Durante la cena la colombiana apenas percibe que su compañera de celda se mantiene distante, esquiva. Se encuentra tan dichosa que no se percata del entorno. Pero cuando ya suben a la celda y las puertas se chapan, el mutismo de Cesárea es más que significativo.
-¿Qué le ocurre, mijita?, apenas ha hablado durante la comida y ahora parece que un gato se le hubiera comido la lengua. Dígame que es la vaina.
Cesárea permanece unos instantes en silencio, al cabo de los cuales y con voz lúgubre le suelta:
-No pensé que vose meu ficara esto. Me ha mentido con sus cuentos. Vose falo que no folló con Filetes, que solo ficieron manitas y besos, pero mi garoto ha escrito y mira lo que meu dice –y le entrega la carta del paisano para que la colombiana la lea.

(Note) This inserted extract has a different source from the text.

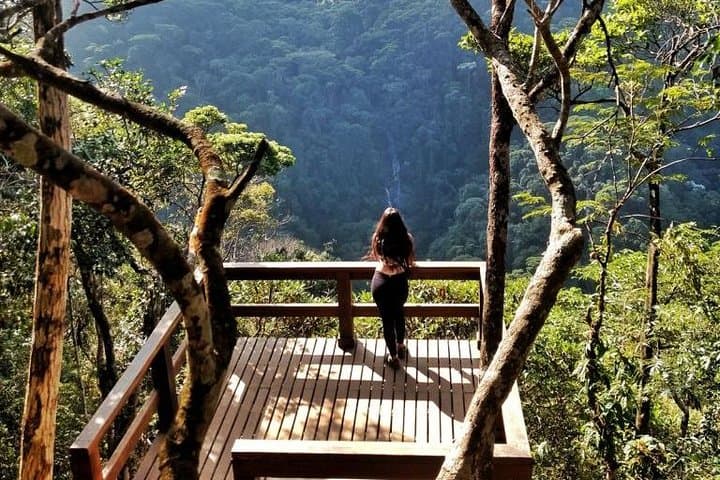 Tijuca National Park and Rio Botanic Garden Guided Tour — Vista Chinesa, Waterfalls & Wildlife photo 2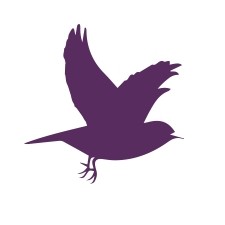 JoyLark 260 Post Road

A medida que avanza con la lectura, su rostro muda de una expresión vivaz a un gesto hosco primero, y que deriva en cuestión de minutos a una faz lúgubre. Cuando termina, permanece sentada con la cuartilla de papel arrugada entre sus manos. Su cabeza gacha y los hombros caídos denotan un desánimo patente. La desilusión la invade.
Se levanta para trepar a su cama. Antes de hacerlo, mira a Cesárea y le dice:
-Me entristece que haya creído antes lo que unos güevones le cuentan que mis palabras. Me ha decepcionado, compi. Todo lo que le dije es cierto y no los embustes que le escribieron, y ya no quiero hablar más.